Automatic Speech Recognition (ASR)

Automatic Speech Recognition (ASR) allows contacts to respond to IVR Automated phone menu that allows callers to interact through voice commands, key inputs, or both, to obtain information, route an inbound voice call, or both. prompts by speaking, either instead of or in addition to, pressing keys on their telephone. CXone offers ASR as an optional feature using the industry-leading Nuance ASR engine (version 11), which enhances the accuracy of your system's voice recognition and also allows you to record stereo.

ASR is meant to simplify and speed up your callers' experience with your IVR. An ASR-enabled IVR should recognize not only words but also phrases, match them with values you have pre-defined, and route or answer calls accordingly.

Terminology

You should be familiar with ASR-specific usage of the following terms:

Utterance — Words or phrases spoken by a caller in response to IVR prompts.
Grammar file — Provides rules for the ASR engine. It covers the words or phrases callers can be expected to say in response to a prompt, then assigns content to variables based on those responses. This makes the recognition process much more efficient, and gives much higher rates of accuracy. Many ASR Studio actions have built-in grammar files. You can also use custom grammar files, or grammars, for some actions. These are typically written in XML and saved as .grxml files. They should be compiled prior to use in your CXone system.
Phrase list — Provides a simple list of phrases that callers can be expected to say in response to a prompt, one per line. Phrase lists are typically entered using the PhraseList property of a Studio action.
Confidence percentage — Also referred to as recognition percentage. When the ASR engine recognizes a phrase spoken by a caller, it also returns a percentage that indicates how confident it is in interpretation, or matching the utterance to the phrase list or grammar file. The confidence percentage can be used to route calls to different branches in your ASR-enabled IVR script. Confidence levels used in the CXone are:
- High — Confidence percentage is high; typically, 75% or greater. The contact can be routed through the OnHighConfidence branch without any further confirmation of the utterance.
- Medium — Confidence percentage is mid-range; that is, somewhere between high and minimum. The contact can be routed through the OnMedConfidence branch and asked to confirm the utterance.
- Minimum — Confidence percentage is at the minimum acceptable level.
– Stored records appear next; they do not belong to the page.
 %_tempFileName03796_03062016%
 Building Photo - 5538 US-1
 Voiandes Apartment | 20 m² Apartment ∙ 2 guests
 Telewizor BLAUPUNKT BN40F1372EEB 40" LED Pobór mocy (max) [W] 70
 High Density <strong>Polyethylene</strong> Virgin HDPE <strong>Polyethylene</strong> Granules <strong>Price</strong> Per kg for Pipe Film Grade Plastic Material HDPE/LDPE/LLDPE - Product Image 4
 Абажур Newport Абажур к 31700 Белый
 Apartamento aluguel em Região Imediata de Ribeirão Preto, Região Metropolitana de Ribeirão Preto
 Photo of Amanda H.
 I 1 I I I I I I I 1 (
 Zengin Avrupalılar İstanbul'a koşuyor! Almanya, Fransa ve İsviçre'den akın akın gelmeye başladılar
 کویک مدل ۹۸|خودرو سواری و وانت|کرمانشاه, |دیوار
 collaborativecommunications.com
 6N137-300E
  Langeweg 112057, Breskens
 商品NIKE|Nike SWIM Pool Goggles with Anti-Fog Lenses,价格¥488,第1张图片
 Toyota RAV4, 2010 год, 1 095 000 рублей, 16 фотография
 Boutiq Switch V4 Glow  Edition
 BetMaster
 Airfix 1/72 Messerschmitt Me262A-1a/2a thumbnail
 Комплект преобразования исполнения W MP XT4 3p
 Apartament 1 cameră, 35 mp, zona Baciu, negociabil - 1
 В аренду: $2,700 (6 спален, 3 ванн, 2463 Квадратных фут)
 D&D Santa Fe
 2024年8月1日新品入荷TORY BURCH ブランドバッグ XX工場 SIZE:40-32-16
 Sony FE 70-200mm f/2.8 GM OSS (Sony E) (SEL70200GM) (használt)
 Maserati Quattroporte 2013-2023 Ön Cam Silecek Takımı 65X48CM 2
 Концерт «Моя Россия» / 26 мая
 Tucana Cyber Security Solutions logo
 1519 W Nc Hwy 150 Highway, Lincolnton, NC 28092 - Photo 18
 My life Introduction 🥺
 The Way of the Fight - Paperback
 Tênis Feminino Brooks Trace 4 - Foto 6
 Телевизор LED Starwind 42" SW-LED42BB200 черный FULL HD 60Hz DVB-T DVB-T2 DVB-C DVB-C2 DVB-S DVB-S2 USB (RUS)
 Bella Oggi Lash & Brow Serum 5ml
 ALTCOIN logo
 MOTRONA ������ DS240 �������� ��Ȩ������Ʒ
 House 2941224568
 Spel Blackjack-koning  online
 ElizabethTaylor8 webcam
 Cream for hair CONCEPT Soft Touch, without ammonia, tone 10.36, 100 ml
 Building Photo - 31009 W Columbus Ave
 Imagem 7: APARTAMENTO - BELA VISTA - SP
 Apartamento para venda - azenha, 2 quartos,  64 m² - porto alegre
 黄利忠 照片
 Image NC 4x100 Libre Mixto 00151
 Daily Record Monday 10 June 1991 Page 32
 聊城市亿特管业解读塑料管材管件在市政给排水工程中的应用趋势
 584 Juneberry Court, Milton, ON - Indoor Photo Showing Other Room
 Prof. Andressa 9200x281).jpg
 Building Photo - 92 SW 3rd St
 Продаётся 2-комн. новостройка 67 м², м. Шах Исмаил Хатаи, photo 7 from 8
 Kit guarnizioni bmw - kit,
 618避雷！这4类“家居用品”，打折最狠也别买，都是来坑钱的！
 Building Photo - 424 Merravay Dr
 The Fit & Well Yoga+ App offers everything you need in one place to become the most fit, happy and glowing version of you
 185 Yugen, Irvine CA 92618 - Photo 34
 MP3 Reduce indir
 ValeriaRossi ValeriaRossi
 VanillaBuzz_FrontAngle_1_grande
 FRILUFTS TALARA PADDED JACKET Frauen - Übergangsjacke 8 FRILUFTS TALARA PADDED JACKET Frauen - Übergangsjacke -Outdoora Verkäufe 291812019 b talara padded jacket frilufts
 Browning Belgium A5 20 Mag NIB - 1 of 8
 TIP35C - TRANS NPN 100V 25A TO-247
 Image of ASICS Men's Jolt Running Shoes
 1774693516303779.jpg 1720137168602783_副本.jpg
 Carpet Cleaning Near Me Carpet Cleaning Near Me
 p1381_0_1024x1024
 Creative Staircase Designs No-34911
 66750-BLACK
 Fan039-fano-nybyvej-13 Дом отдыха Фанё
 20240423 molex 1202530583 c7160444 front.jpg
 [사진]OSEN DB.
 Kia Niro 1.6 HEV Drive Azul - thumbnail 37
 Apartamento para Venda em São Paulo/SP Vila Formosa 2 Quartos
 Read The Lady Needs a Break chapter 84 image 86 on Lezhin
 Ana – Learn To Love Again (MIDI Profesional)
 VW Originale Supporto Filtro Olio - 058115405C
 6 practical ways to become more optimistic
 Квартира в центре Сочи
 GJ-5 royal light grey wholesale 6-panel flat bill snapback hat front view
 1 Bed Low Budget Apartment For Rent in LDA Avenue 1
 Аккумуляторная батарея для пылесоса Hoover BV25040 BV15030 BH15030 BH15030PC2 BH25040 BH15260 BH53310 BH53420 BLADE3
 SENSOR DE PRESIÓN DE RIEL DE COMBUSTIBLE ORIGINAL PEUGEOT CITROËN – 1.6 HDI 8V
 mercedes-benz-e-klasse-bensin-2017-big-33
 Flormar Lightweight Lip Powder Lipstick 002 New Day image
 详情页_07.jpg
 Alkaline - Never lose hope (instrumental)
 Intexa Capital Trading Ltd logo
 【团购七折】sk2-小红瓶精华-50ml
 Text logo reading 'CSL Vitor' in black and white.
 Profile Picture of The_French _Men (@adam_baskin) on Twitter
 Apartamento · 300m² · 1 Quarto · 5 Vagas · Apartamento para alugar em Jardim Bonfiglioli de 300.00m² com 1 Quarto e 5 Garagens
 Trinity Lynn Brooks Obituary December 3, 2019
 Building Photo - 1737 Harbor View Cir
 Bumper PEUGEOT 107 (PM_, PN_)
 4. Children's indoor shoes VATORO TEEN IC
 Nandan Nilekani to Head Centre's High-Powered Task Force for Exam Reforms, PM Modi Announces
This value is typically used to set a bottom number for the OnMedConfidence branch.
- No Confidence — The utterance was unrecognizable and the ASR engine cannot interpret it. The contact can be routed through the OnNoConfidence branch and asked to repeat the utterance.

ASR Actions

For production IVR scripts, Studio offers seven ASR actions designed for specific types of prompts, as well as two more general actions. All of these actions allow you to capture and interpret an utterance, populate a variable based on the utterance, and route the contact based on the variable value, the confidence percentage, or both. Choosing the best action for each prompt will help your scripts process speech effectively. To view ASR actions in Studio, ASR must be enabled in your role. The following is a list of each ASR action:

Asr — Accepts any type of utterance and interprets it based on a custom phrase list or grammar file you provide. This action offers a great deal of flexibility but is also more complicated to set up.
Asralphanum — Accepts an utterance of a combination of letters, numbers, or both (for example, a password or email address). This action comes with a built-in grammar file.
Asrcurrency — Accepts an utterance of a monetary value (for example, a payment amount). This action comes with a built-in grammar file for one or more currencies, based on the language pack for your tenant.
Asrdate — Accepts a variety of utterances related to dates, based on its built-in grammar file. This includes full dates, days of the week, relative date references (such as yesterday), and more.
Asrdigits — Accepts an utterance of a string of digits (for example, a phone number or social security number). This action comes with a built-in grammar file.
Asrmenu — Accepts utterances that you define to create a speech-enabled menu. This action can use a custom phrase list or grammar file, or you can use the branch variables you create for the menu itself as a basis for interpreting the caller's utterance.
Asrnumber — Accepts utterance of numeric values. For example, an utterance of "five six" would be interpreted by this action as "fifty-six", whereas Asrdigits would interpret the same utterance as 2 separate digits, "five" and "six". This action comes with a built-in grammar file.
Asrtime — Accepts a variety of utterances related to time, based on its built-in grammar file. This includes durations (such as "twelve hours") in addition to specific times (such as "three p m").
Asryesno — Accepts positive or negative utterances based on its built-in grammar file. For example, there are multiple variations on how a caller might say "yes" (yes, yeah, yep, yup, okay, and so on). This action recognizes such variations.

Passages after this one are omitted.